I agree with your post. I'd just like to add a couple of comments:
> if the provider (bank) is compromised and salted passwords leaked it doesn't matter, they have already compromised the bank and your account.
It matters if the only thing that was leaked/compromised was the hashed password database, but not much else.
In fact, the ones who leak the hashed passwords may not be the same as those who hack your accounts, just look at all the leaks tracked by https://haveibeenpwned.com and consider that anyone could download those hashed passwords and crack them.
> And i still do not think you can quickly crack a password such as "This15aVERY!!securepasswordEH?!!?"? i could be wrong here
You could be right, but I wouldn't be surprised if you were wrong here...
Decades ago, the "John The Ripper" cracker was already very good at cracking these kinds of passwords (when CPUs were single core and much, much slower, and it wasn't even possible to run software on a GPU).
John the Ripper was already capable of using many extremely extensive word lists (in different languages) to quickly run through many such passwords, and simply mutating the password by using l33t speak and adding a few numbers, symbols or using mixed case are extremely popular password strengthening techniques which the software was still capable of cracking very quickly, since that doesn't add much entropy.
Although at the time it probably couldn't crack such a "long" password, I'm sure this type of software has become better and the hardware has definitely become many orders of magnitude faster and more parallel, so I wouldn't be surprised if the example you mentioned is well within "can crack quickly and relatively cheaply" territory, even when using salt, as long as the service is using a traditional password hashing algorithm (and not one of the newer compute-hard or memory-hard KDFs).
I mean, to have an idea of the magnitude of the problem, the brainwallet cracking stories of a decade ago were already pretty mindblowing (even considering that it's a "no salt" scenario).
I don't remember the exact details, but I think there were cases of people using an airgapped computer to compute the SHA-256 hash of some obscure passage of some obscure book or poem in some obscure language and the bitcoins were stolen within seconds of being transferred to these wallets (although, yes, due to the "no salt" problem, it stands to reason that all of these wallets were pre-computed by the attacker).

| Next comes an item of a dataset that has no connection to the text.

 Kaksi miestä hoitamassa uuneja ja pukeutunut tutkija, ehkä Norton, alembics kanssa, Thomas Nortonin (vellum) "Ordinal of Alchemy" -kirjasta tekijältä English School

But still, personally I'd feel a lot more comfortable just using and storing a completely random password with a perfectly known amount of entropy, just to be safe, and deal with the compromised device problem in some other way (such as having a dedicated password management device, like a hardware wallet, if you're really that paranoid).
you were the one that compared it to ssh keys and again: you do not secure root accounts with an ssh keys. Or are you arguing that you should just drop public ssh keys into /root and enable root login?
so how are passkeys are different then ssh keys? there is a private and public key, and if someone gets your private key they get access to everything it unlocks.
they can be sync'd between devices (ie from a secure to compromised), exported, etc exactly like a private ssh key
also i'm not here arguing against passkeys - just pointing out that a long, unique password used in 1 place, that is also not saved anywhere digitally and only exists in my head is going to be more secure then passkeys due to the nature of how they work.
IMO physical security keys are better left as second-factor authentication, to be used _in addition_ to passkeys in certain high-security contexts; particularly where resistance to cloning is a critical feature. Resident keys aren't necessary for that use case since by the time you get to the second factor step you already know the account you're trying to log into.
Further, the autocomplete functionality afforded by resident keys is important for the UX of passkeys in my opinion. I don't think it makes sense to sacrifice that in order to to retain backwards compatibility with a small number of keys that only security nerds use. (Though if there were a way to maintain that UX without using resident keys I'd be cool with that.)